Sie haben zuletzt zum Beispiel die früh im Jahr terminierten Trainingslager des DLV ausgelassen, dafür in Ruhe an Feinheiten getüftelt. Mihambo war in den vergangenen Jahren etwas kraftschonender und flacher abgesprungen, als Spätfolge ihrer Verletzung - dafür lief sie schneller an, um den Verlust an Sprungkraft auszugleichen. Mittlerweile könne sie wieder kraftvoller abheben, sagt Weber, gepaart mit dem schnellen Anlauf seien dann Sätze wie nun in Rom möglich. Ansonsten habe er festgestellt, dass Mihambo "schon noch mal an Reife und Selbstbewusstsein gewonnen hat". Früher habe sie gesagt: Wer älter und etablierter sei als sie, darf auch mal besser sein. "Jetzt ist es ihr schon wichtig, die Nummer eins in der Welt zu sein", sagt Weber. "Und das will sie auch bleiben."

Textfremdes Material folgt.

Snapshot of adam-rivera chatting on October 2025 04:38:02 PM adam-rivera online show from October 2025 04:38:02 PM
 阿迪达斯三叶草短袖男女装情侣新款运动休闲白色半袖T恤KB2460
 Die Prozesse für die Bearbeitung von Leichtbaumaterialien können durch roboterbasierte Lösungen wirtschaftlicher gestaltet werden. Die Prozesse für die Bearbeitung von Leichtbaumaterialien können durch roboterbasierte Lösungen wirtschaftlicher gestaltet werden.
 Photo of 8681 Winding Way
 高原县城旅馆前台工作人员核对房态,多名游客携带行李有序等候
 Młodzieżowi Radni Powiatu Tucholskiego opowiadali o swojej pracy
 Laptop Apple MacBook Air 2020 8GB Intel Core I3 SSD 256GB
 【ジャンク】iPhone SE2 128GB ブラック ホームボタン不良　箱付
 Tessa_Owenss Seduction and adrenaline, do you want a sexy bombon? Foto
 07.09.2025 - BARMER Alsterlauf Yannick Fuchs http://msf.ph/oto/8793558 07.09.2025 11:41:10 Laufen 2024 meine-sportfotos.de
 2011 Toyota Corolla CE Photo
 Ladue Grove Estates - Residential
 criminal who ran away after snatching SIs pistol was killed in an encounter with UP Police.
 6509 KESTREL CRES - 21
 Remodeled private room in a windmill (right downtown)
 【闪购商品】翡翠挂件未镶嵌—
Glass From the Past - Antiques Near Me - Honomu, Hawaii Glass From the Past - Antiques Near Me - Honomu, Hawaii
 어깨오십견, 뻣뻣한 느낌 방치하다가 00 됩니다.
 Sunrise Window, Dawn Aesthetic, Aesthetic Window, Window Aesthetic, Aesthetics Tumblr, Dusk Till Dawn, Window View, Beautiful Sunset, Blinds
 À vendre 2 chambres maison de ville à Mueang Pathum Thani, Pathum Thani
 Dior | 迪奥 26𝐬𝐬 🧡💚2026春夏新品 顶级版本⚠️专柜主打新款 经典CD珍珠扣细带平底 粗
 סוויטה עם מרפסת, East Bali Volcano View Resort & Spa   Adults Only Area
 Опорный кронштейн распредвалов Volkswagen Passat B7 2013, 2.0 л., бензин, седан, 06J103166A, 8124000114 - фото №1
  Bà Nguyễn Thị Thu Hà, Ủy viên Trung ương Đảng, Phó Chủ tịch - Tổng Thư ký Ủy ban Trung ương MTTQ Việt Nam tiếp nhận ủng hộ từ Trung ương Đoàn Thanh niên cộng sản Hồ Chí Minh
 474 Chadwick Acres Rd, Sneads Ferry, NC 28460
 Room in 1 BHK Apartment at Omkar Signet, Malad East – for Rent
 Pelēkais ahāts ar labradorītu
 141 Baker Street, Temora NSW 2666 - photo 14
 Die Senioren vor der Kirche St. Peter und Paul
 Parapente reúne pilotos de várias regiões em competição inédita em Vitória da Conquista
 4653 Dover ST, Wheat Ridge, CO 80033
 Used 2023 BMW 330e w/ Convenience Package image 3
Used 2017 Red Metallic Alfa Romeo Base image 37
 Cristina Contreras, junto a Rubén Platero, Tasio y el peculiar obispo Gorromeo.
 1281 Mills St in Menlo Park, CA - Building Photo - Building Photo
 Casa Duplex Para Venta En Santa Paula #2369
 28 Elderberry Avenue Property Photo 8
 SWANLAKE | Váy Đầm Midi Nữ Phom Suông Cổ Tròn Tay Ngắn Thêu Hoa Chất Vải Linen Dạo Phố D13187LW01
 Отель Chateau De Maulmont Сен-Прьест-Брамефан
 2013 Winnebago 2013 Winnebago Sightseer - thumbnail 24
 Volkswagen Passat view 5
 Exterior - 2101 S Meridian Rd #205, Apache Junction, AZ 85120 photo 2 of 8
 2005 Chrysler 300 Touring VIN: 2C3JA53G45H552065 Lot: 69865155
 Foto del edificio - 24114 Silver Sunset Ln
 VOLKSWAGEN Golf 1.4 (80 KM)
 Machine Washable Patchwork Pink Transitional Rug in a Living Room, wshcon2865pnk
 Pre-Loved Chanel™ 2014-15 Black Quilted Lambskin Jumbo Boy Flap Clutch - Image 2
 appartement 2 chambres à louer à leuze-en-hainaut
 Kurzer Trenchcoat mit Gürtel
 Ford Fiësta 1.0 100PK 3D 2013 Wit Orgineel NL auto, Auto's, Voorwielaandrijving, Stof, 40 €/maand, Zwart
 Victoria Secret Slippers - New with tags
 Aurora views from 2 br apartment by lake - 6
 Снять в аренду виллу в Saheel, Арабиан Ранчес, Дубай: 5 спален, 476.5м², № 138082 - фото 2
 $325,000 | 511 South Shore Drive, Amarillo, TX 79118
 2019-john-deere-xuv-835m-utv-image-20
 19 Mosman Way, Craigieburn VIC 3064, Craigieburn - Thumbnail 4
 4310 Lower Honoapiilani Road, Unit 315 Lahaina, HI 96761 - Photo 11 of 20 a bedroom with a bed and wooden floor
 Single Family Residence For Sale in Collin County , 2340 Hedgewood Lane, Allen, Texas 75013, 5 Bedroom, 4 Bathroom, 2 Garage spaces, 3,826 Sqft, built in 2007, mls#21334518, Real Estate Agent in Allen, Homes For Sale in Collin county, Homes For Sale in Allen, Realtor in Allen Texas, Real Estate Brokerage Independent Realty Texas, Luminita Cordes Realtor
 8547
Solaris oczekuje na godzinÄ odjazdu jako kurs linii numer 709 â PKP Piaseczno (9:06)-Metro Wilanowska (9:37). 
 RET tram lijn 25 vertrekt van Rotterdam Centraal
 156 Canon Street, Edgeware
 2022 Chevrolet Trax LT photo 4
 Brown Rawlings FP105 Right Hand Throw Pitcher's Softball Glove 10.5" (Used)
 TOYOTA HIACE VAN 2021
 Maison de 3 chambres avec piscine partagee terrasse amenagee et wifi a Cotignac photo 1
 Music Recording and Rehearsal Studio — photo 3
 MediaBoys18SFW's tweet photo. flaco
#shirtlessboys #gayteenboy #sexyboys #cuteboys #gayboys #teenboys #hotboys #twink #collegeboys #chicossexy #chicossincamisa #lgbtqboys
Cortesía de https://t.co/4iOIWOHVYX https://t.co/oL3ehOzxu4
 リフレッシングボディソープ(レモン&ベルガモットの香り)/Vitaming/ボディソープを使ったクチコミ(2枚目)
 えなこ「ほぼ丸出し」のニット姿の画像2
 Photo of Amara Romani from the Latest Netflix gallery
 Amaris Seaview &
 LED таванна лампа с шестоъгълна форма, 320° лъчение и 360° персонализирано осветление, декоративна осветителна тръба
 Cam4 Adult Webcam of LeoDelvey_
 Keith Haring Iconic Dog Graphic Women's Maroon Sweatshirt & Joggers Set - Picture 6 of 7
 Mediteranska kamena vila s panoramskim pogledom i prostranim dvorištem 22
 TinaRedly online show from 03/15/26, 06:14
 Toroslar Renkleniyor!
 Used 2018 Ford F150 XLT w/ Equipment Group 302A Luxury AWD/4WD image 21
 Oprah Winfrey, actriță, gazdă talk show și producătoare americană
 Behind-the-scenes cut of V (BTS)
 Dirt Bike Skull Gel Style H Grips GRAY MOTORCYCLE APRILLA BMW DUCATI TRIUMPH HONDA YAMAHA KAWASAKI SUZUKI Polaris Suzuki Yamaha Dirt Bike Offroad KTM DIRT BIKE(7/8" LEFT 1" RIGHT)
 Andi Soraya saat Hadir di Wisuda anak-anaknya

Aber sonst? Ist Mihambo dem treu geblieben, was sich bewährt hat: ihrem Verein, ihrem Umfeld, der ruhigen, gewissenhaften Vorbereitung, die sie an diesem Freitag zum Anhalt-Meeting nach Dessau, nach Berlin und bald in eine Trainingspause führt; dann beginnen die Generalproben für die WM Ende September. Malaika Mihambo befindet sich noch immer am Anfang von etwas Größerem, so hat es manchmal den Anschein - in dieser langen Saison und überhaupt.